Las autoridades sanitarias de Líbano calificaron los ataques como “barbáricos”, señalando que los bombardeos alcanzaron zonas residenciales y comerciales altamente pobladas durante las horas pico. Tan solo en Beirut, se contabilizan 91 fallecidos. Entre las bajas de alto perfil, Israel confirmó el asesinato de Ali Yusuf Harshi, secretario personal y sobrino del líder de Hizbulá, Naim Kassem.
El primer ministro israelí, Benjamín Netanyahu, anunció que dio indicaciones a su gabinete para iniciar negociaciones directas con Líbano buscando un acuerdo de paz duradero y el desarme de Hizbulá. Al mismo tiempo, reafirmó que “no hay alto al fuego en Líbano” y ordenó nuevos ataques nocturnos contra plataformas de lanzamiento de la milicia chií.
Ante el riesgo de que la tregua principal colapse, el presidente de Estados Unidos, Donald Trump, llamó personalmente a Netanyahu para exigirle una desescalada inmediata. Desde Washington, el vicepresidente JD Vance aseguró que Israel se había comprometido a “moderar su actuación”, una promesa que parece chocar con la realidad en el terreno.
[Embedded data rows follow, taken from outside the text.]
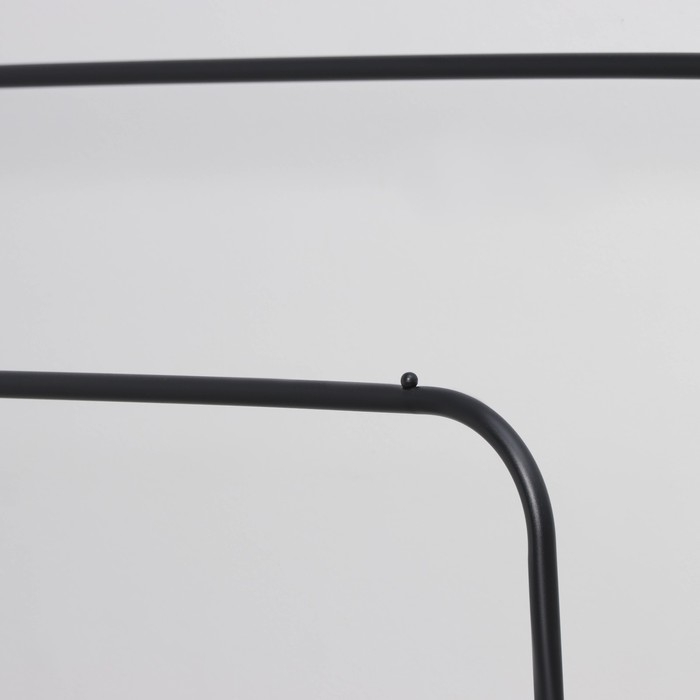 Вешалка двойная напольная металлическая для одежды, с полкой, 110&times;62&times;150 см, цвет чёрный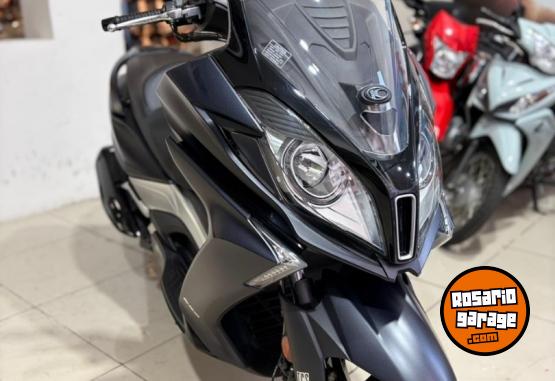 Motos - Kymco DOWNTOWN 350 2023 Nafta 8300Km - En Venta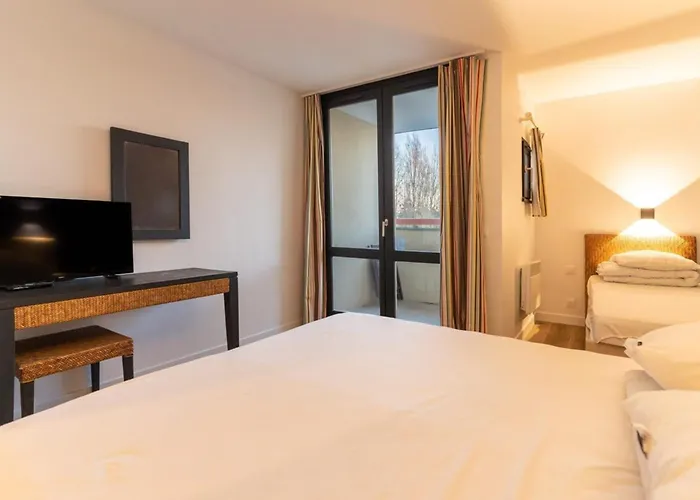 Renovated Flat For 5 P With Swimming Pool Tennis Court And Car Park 232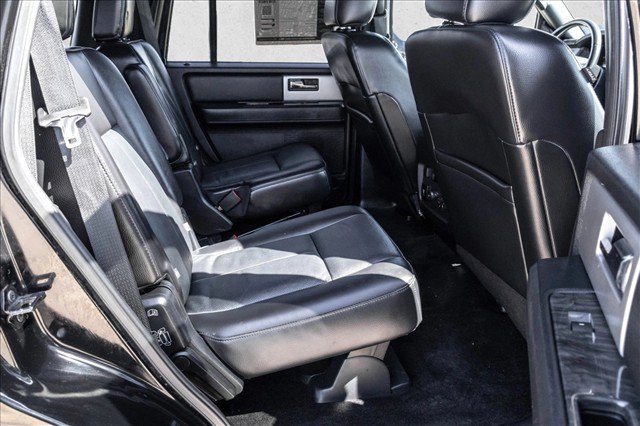 Used 2017 Ford Expedition Limited AWD/4WD image 25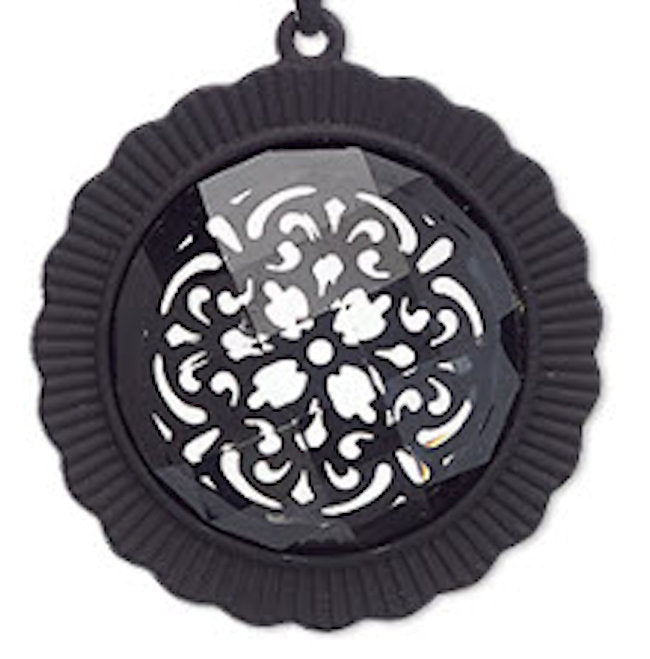 pendant black and clear flower 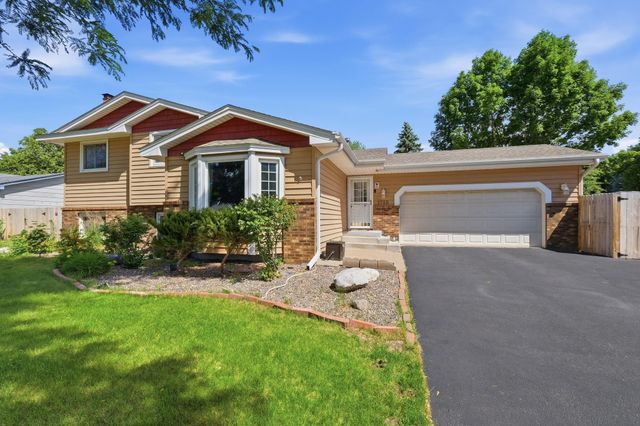 1725 129th Lane NW, Coon Rapids, MN 55448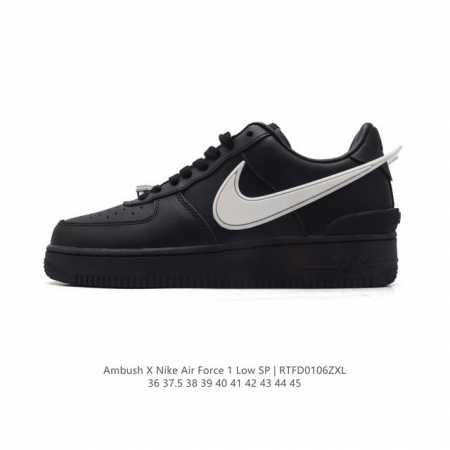 耐克 空军一号 Af1 低帮休闲板鞋 Ambush X Nk Air Force 7 Low Sp 空军一号联名标志性的swoosh延伸至鞋跟之外，鞋舌和鞋垫上 - 点击图像关闭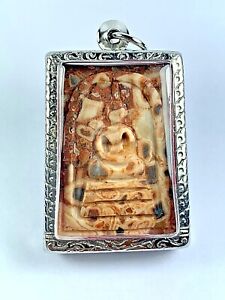 Handmade Carved Sam Roi Yod Relics Arahant Somdej Pendant Fetish Thai Amulet
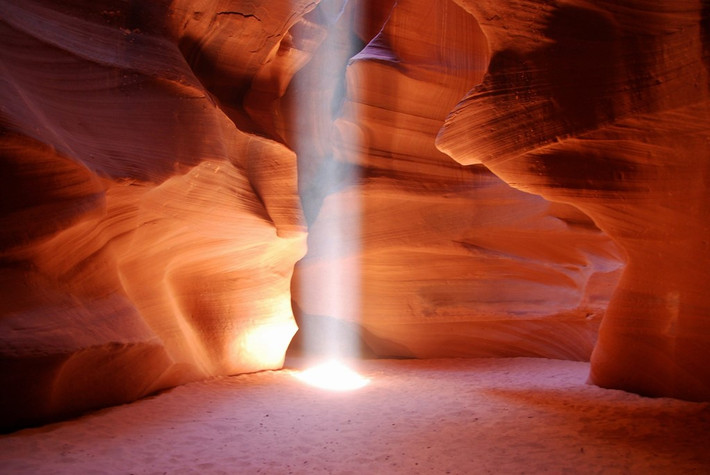 Hẻm núi Antelope ở bang Arizona, Mỹ được đánh giá là một trong những khu vực đẹp nhất thế giới, với cấu trúc hang động xoắn, sự bào mòn của tự nhiên tạo nên các đường vân đẹp mắt. Đặc biệt chúng luôn có sự thay đổi màu sắc dưới tác động của ánh mặt trời. Ảnh: Misadventuresmag.
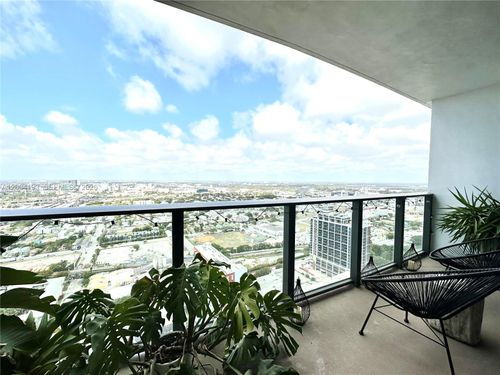 3412-1600 Ne 1st Ave, Miami, FL, 33132-1282 | Card Image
Por su parte, el gobierno de Irán amenazo que si los bombardeos en Líbano no cesan, Teherán responderá con fuerza, invalidando el cese al fuego pactado en Pakistán.
La violencia no solo afecta el mapa geopolítico; el Banco de México (Banxico)señaló que el conflicto en Oriente Medio representa un “reto mayor” para el control de la inflación, lo que podría frenar los planes de recortes a las tasas de interés en los próximos meses.